# Raw data

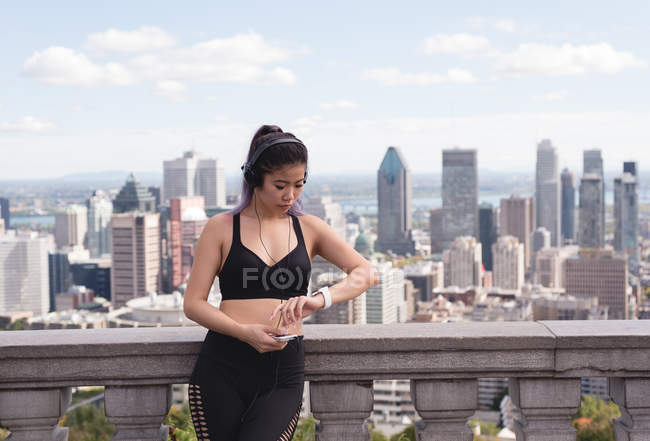 Жінка-бігун дивиться на смарт-годинник у сонячний день — стокове фото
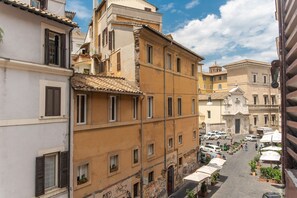 Une rue étroite bordée d’immeubles à plusieurs étages, dont certains sont dotés de balcons et de fenêtres.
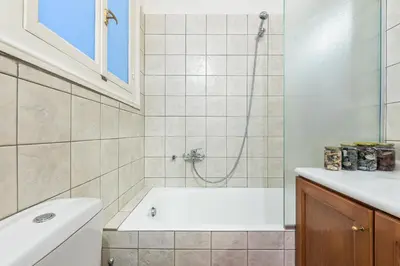 a bathroom with a white tub and a shower at Athenian house of 1920 in Athens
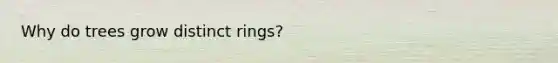Why do trees grow distinct rings?
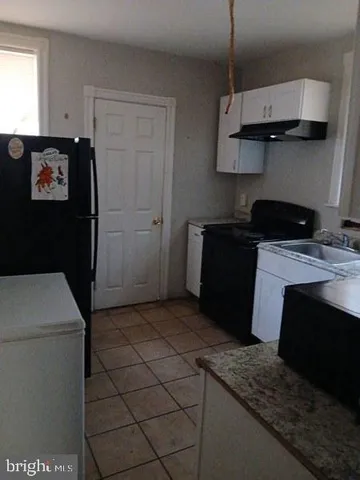 a view of staircase and a stove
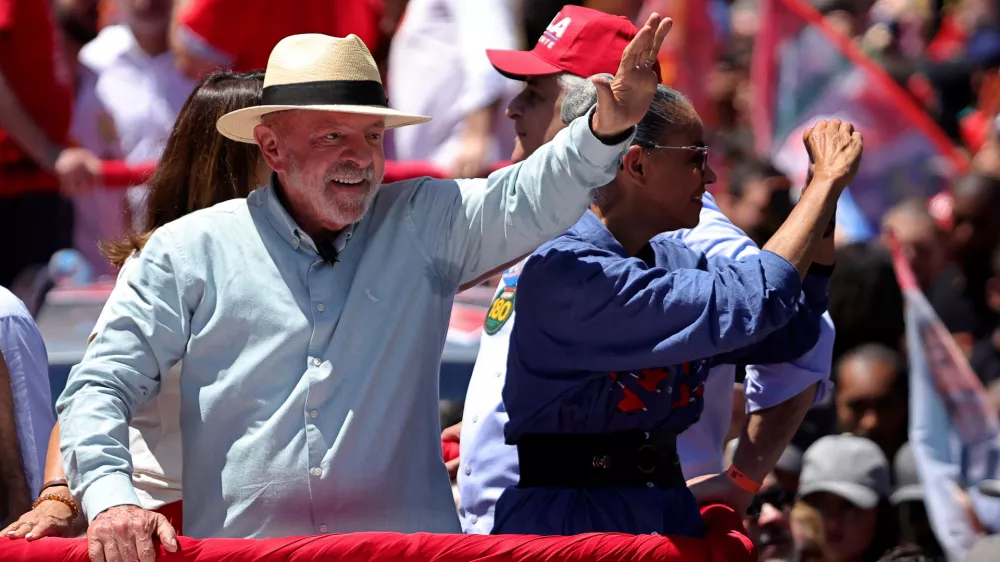 Brazilian President Luiz Inacio Lula da Silva, who is running for reelection, waves to supporters during a campaign rally in Sao Paulo, Brazil, Saturday, Sept. 26, 2026. (AP Photo/Allison Sales)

# Instructions for the task
An exact retyping of each record, with no pictures, is the answer required.

# Final answer
 Жінка-бігун дивиться на смарт-годинник у сонячний день — стокове фото
 Une rue étroite bordée d’immeubles à plusieurs étages, dont certains sont dotés de balcons et de fenêtres.
 a bathroom with a white tub and a shower at Athenian house of 1920 in Athens
Why do trees grow distinct rings?
 a view of staircase and a stove
 Brazilian President Luiz Inacio Lula da Silva, who is running for reelection, waves to supporters during a campaign rally in Sao Paulo, Brazil, Saturday, Sept. 26, 2026. (AP Photo/Allison Sales)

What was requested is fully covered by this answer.